■ **Provided data**

____

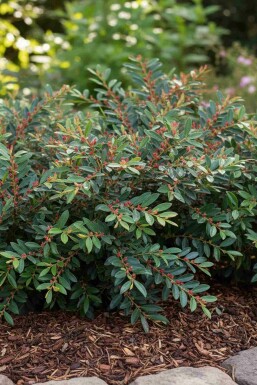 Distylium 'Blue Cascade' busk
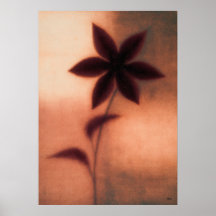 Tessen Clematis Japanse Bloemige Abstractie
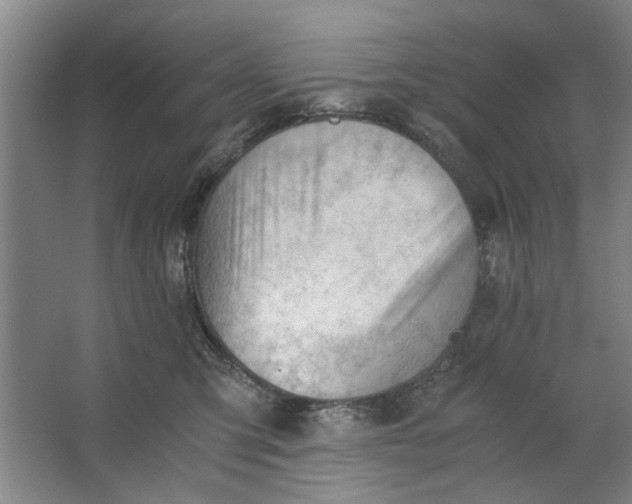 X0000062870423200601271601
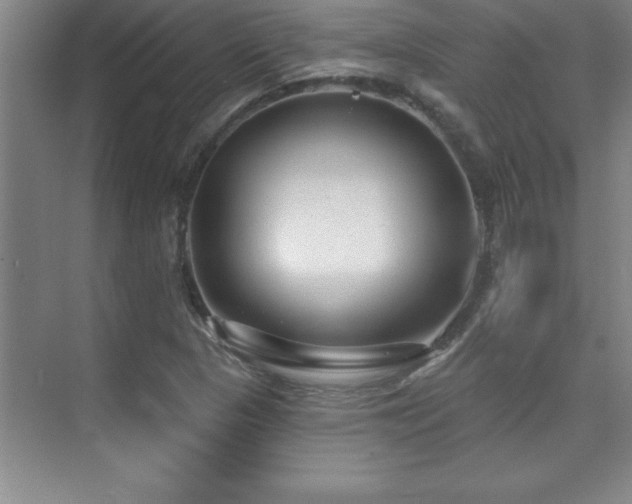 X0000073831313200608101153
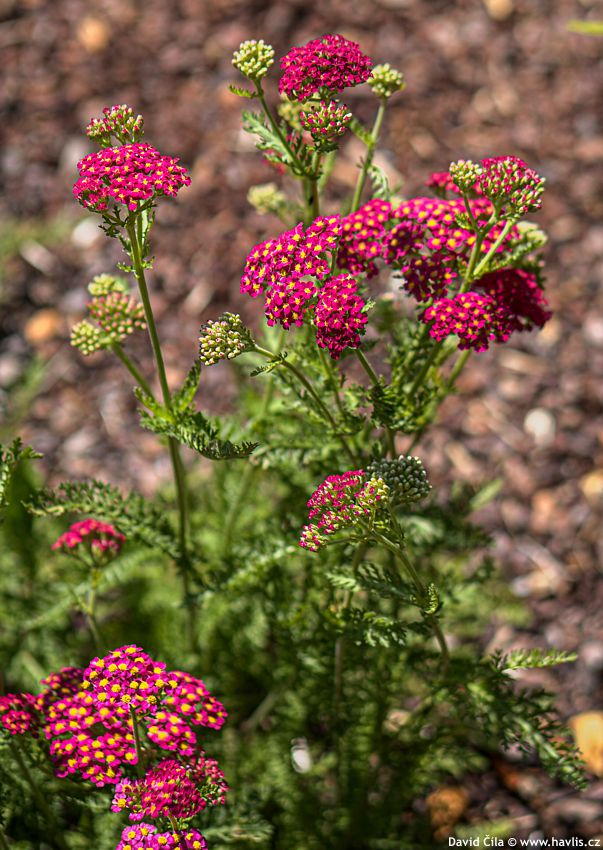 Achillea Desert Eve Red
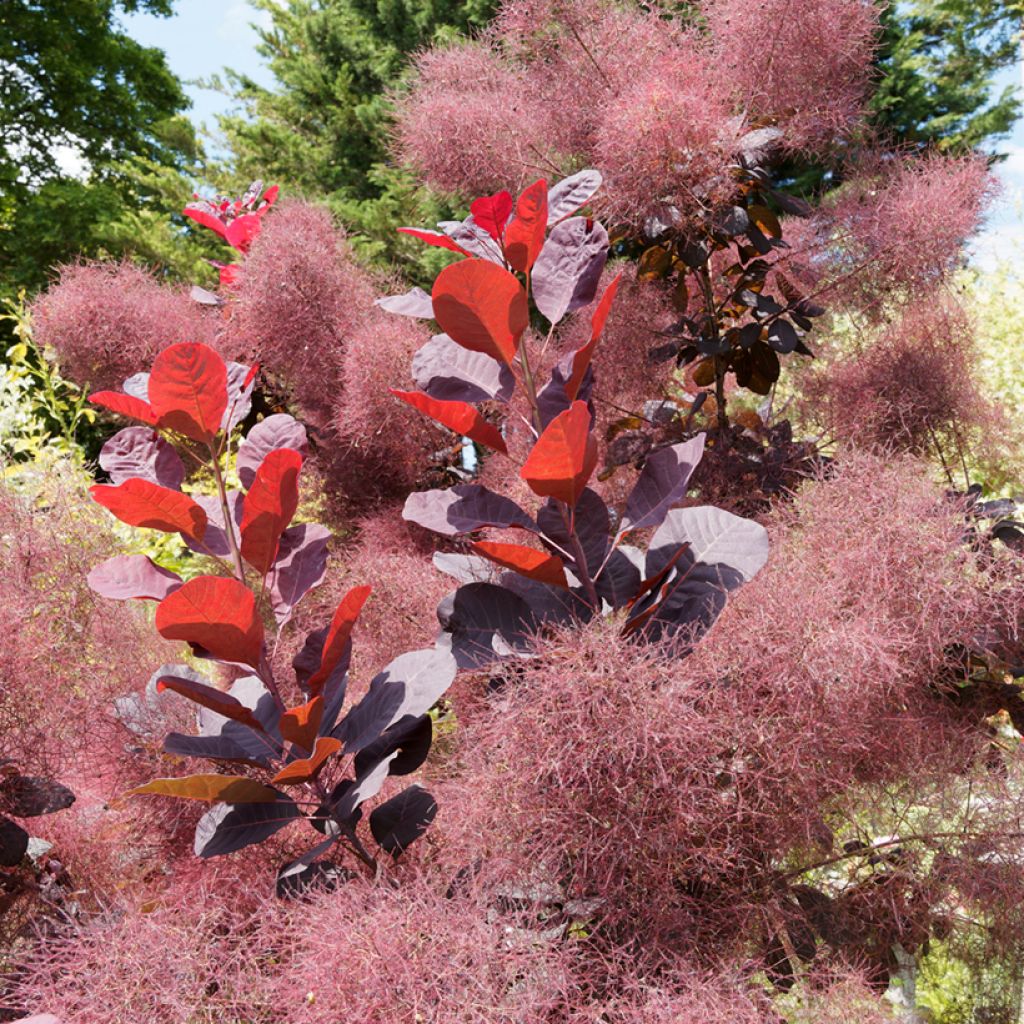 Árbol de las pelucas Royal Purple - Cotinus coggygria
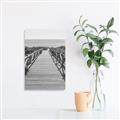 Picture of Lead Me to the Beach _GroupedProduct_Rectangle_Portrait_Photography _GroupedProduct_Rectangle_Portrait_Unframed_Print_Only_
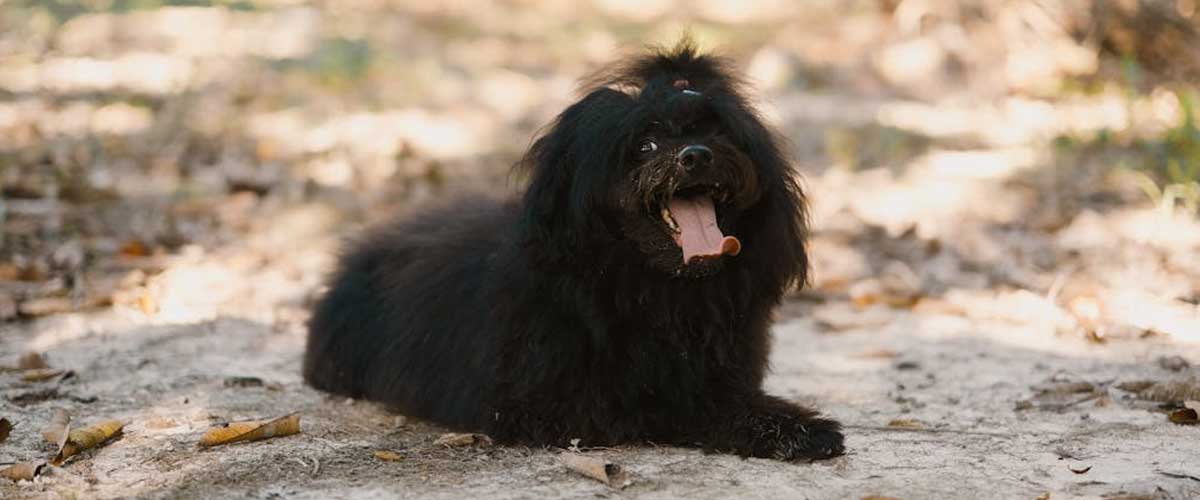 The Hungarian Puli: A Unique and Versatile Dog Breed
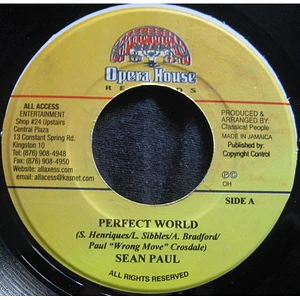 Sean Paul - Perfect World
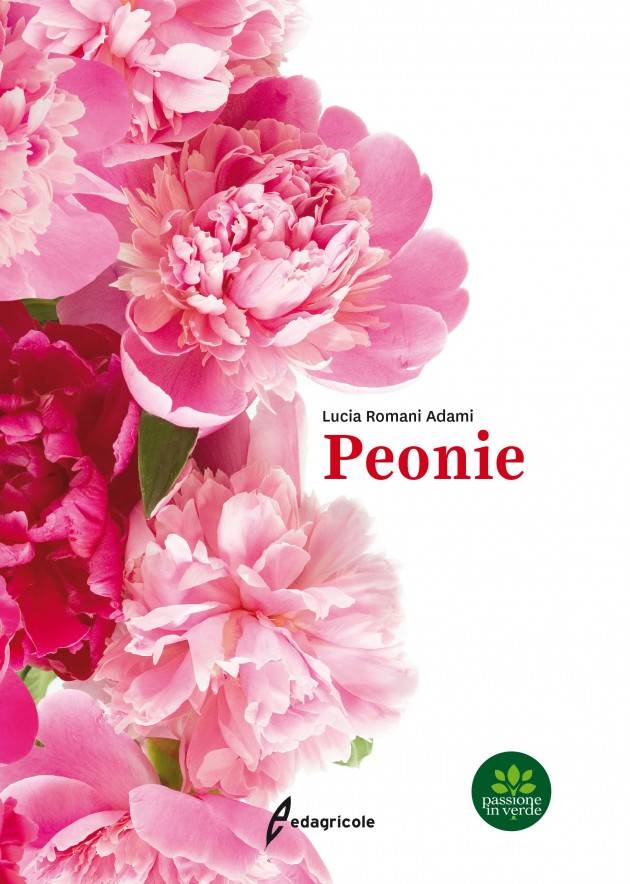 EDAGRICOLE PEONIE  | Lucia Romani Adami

____

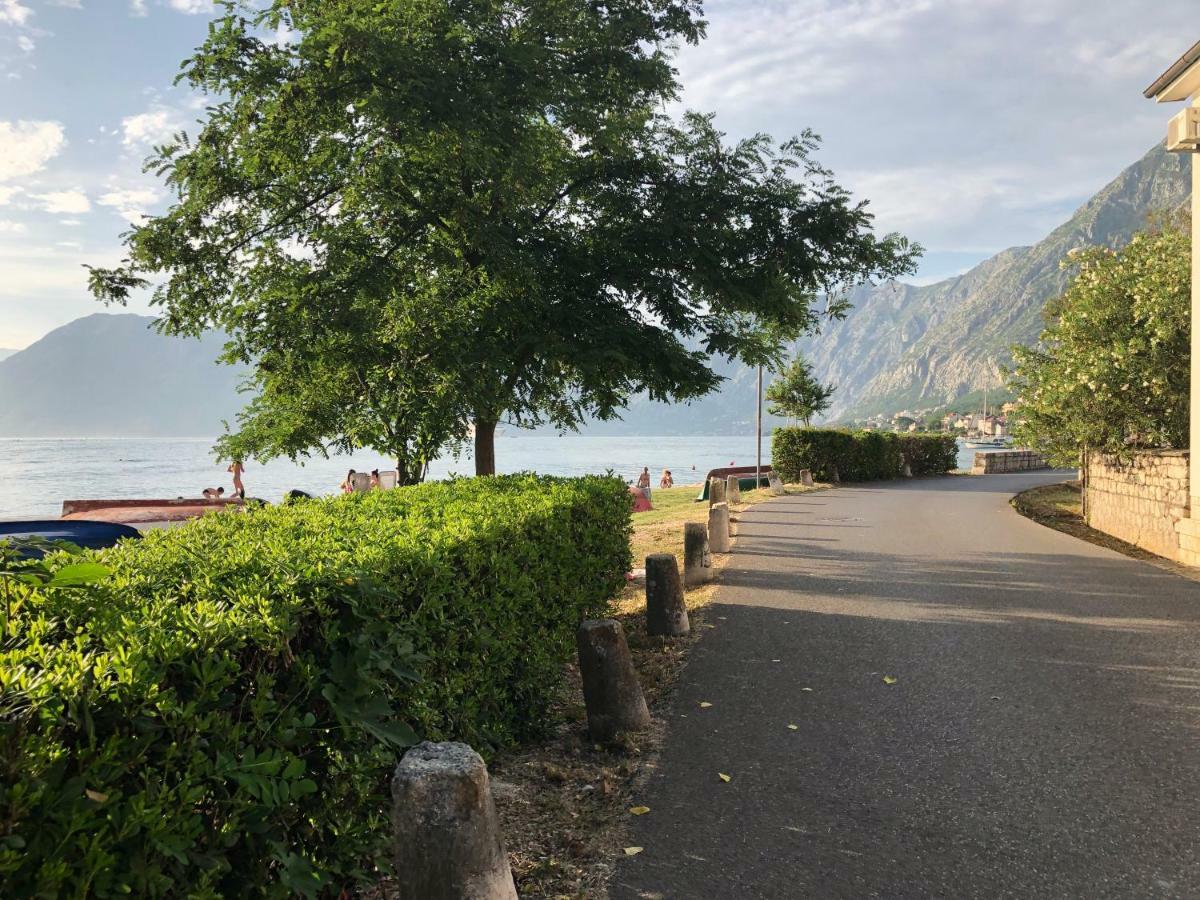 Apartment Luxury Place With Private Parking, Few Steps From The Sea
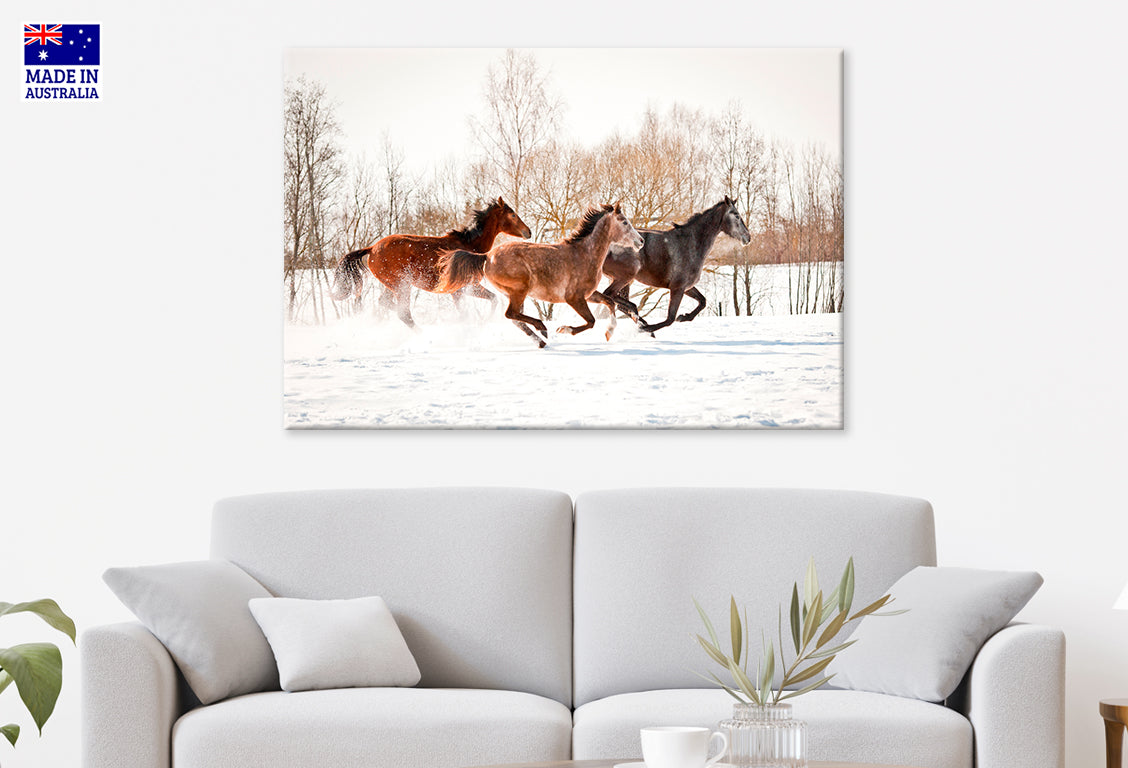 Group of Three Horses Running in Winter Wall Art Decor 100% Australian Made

____

Only one stretch of the entries above is needed: the lines from the one containing "Árbol de las" through the one containing "Lucia Romani Adami". Copy it exactly, without the pictures.

■ **Answer to this problem**
 Árbol de las pelucas Royal Purple - Cotinus coggygria
 Picture of Lead Me to the Beach _GroupedProduct_Rectangle_Portrait_Photography _GroupedProduct_Rectangle_Portrait_Unframed_Print_Only_
 The Hungarian Puli: A Unique and Versatile Dog Breed
 Sean Paul - Perfect World
 EDAGRICOLE PEONIE  | Lucia Romani Adami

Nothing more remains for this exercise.